Com a proclamação da República em 1889, apenas um ano após a Lei Áurea que acabou com a escravidão, decretou-se na constituição, a separação entre estado e a Igreja Católica. Até então, o chefe da Igreja Católica no Brasil era oficialmente o Imperador. Era ele, por exemplo, quem nomeava os bispos. Por isso, a Igreja Católica tinha diversos privilégios concedidos pelo estado.

Num estado laico, pressupõe-se a liberdade religiosa, não se dando preferência a nenhum credo. Todas seriam iguais perante a lei. Na prática a teoria era outra, como dizia o jornalista Joelmir Betting. De forma que a Igreja Católica continuou tendo grande poder e privilégios durante a República Velha e mesmo após a Revolução de 1930. Em todas as cerimonias oficiais, inaugurações e outros eventos, lá estava um bispo ou cardeal abençoando as obras públicas ou da res-pública.

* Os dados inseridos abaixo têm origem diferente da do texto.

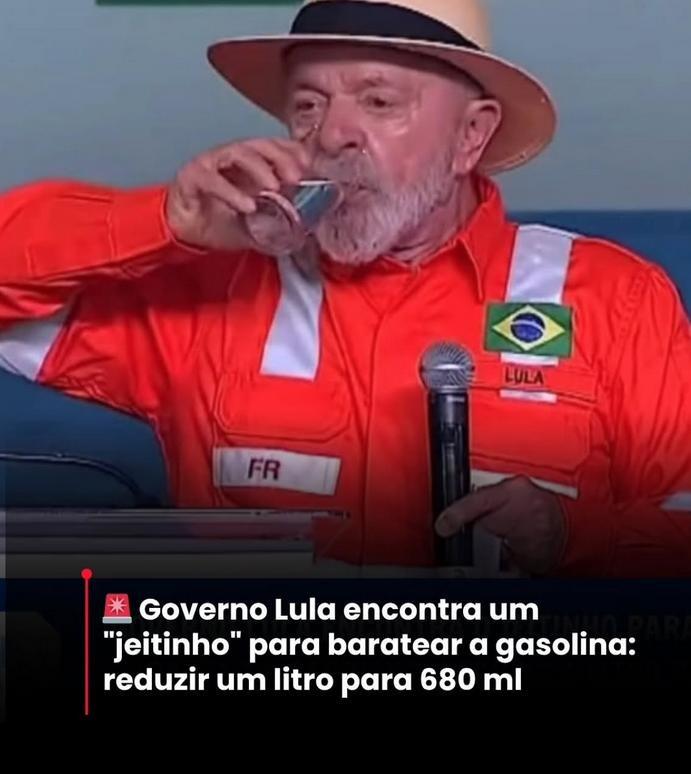 A imagem mostra Lula, um homem de pele clara, com barba e cabelo grisalhos, usando chapéu claro de aba larga e uniforme laranja com faixas refletivas, além de um patch com a bandeira do Brasil e o nome ‘LULA’. Ele está segurando um copo e levando-o à boca, enquanto segura um microfone com a outra mão. Na parte inferior da imagem, há um texto sobreposto que diz: ‘🚨 Governo Lula encontra um “jeitinho” para baratear a gasolina: reduzir um litro para 680 ml’.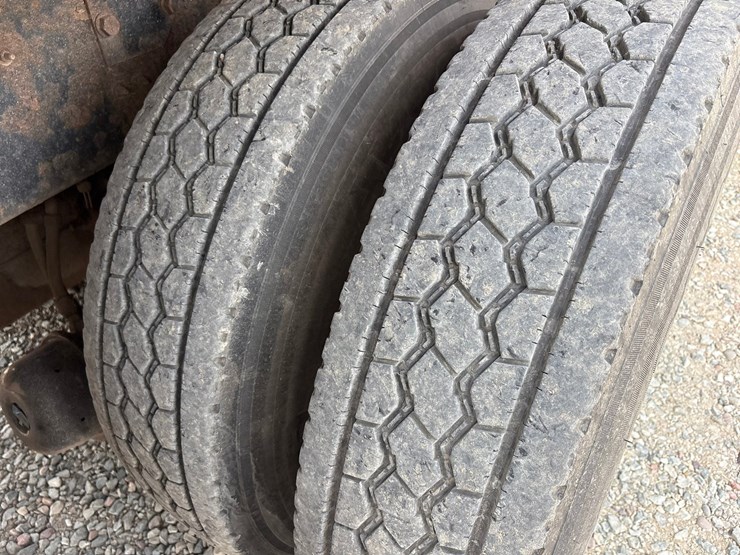 #61388-•-2004-international-5600i-quad-axle-dump-truck-image-75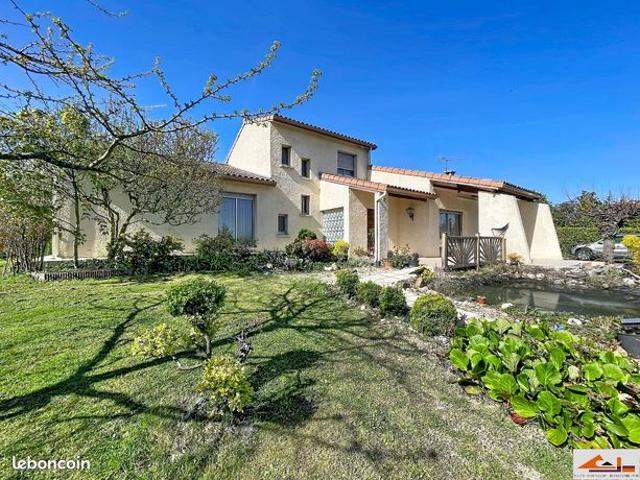 Villa 7 pièces 194 m²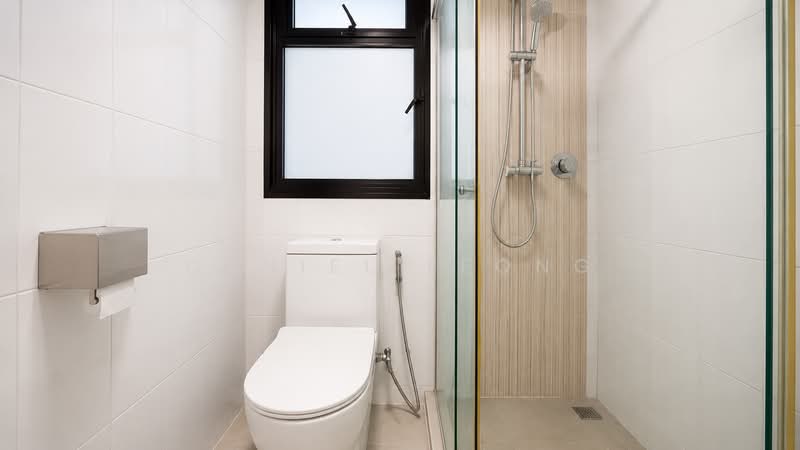932A Hougang Avenue 9, 932A Hougang Avenue 9, 2 Bedrooms, 721 sqft, HDB Flat For Sale, by Daniel Leong, 500133366 - Bathroom - PropertyGuru.com.sg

O escritor Jorge Amado conta em seu livro de quase de memórias, Navegação de Cabotagem, que a vida não só dos seguidores de credos africanos, como também cristãos de outros matizes, não era nada fácil, pois as perseguições eram frequentes.  Ele conta que em campanha política pelo estado do Ceará em 1946, presenciou saques e destruição de templos protestantes sob o comando de padres católicos.

Jorge Amado, desde jovem se interessou pelas crenças de origem africana, tornando-se um defensor da liberdade das pessoas de praticarem seus rituais religiosos, sem nenhuma restrição.  Faltava uma emenda que fizesse com que a constituição federal fosse devidamente cumprida em todas as letras em relação ao estado laico.  Como deputado comunista, não recebeu apoio de sua própria bancada, pois a religião é vista como ópio do povo pelas teorias marxistas.

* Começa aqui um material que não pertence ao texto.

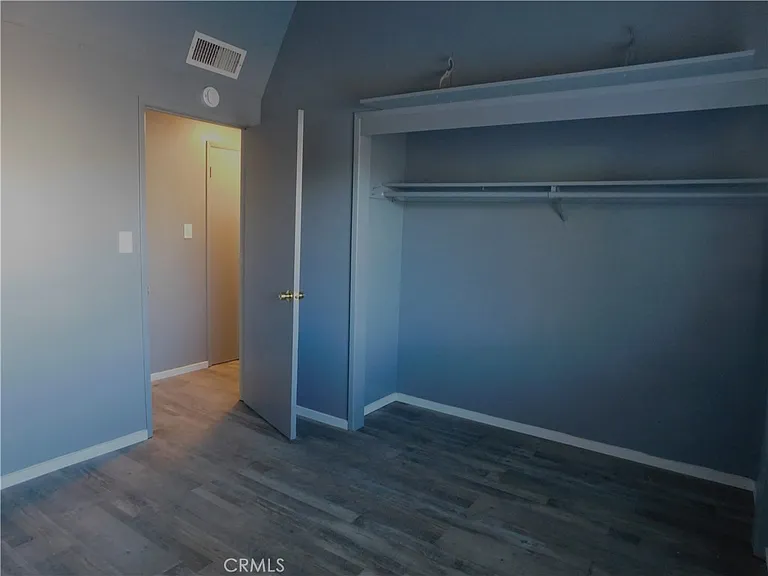 21306 Bancroft Ct — Photo 12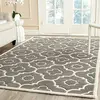 Image de SAFAVIEH Tapis Contemporain Pour Salon, Salle à manger, Chambre à coucher - Chatham Collection, Tapis à poil court, Gris foncé et Ivoire, 122 X 183 cm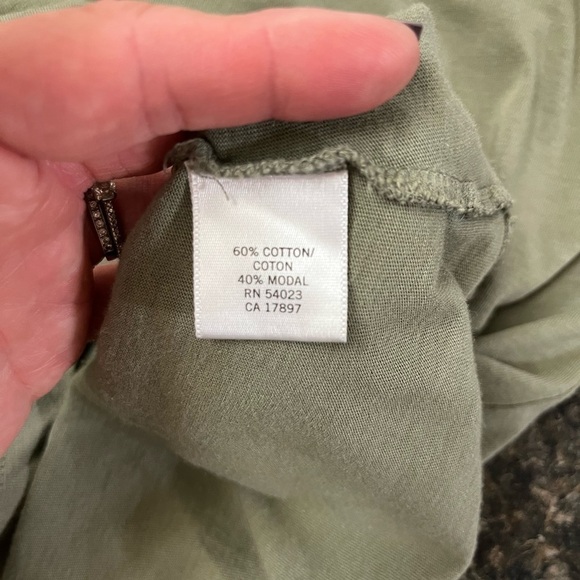 Banana Republic Ruffle Sleeve Top Khaki Green Modal - Picture 8 of 9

Apoiado por deputados conservadores ilustres e ilustrados, como Gilberto Freyre, Milton Campos, Otávio Mangabeira, Luiz Vianna Filho e com o aval do secretário geral do Partido Comunista, Luiz Carlos Prestes, conseguiu o número de assinaturas necessárias para encaminhar a Emenda Constitucional no Congresso. Assim, em 1946 é aprovada a emenda que estabelece de fato e de direito a liberdade religiosa numa república que nasceu laica, mas só no nome, pois manteve-se fiel a tradição monárquica de vínculo com a Igreja Católica.

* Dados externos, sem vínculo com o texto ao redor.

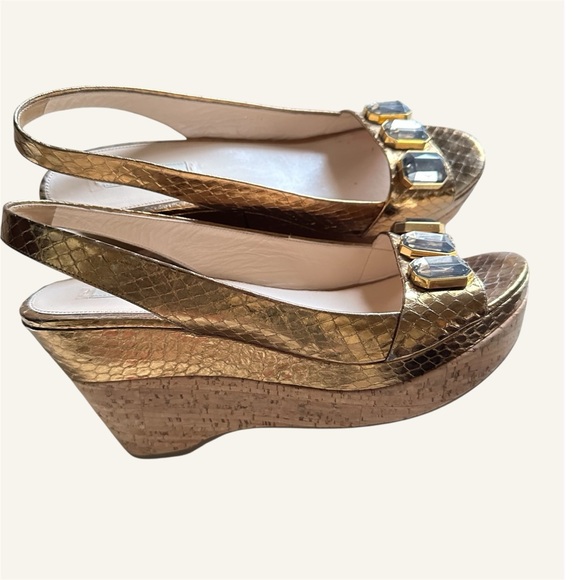 PRADA Gold Wedge Slingback Sandals🌸 - Picture 15 of 16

Assim, graças a um deputado e escritor, na época filiado ao partido comunista, estabeleceu-se de direito à liberdade de credo no Brasil. A partir daí ficou garantido aos protestantes, espíritas e aos seguidores de credos de origem africana, o direito de frequentarem, sem restrições, as suas igrejas ou templos. Infelizmente, os credos africanos continuam sendo até nossos dias, vítimas do preconceito e intolerância por parte dos cristãos que se consideram os seguidores da única e verdadeira religião.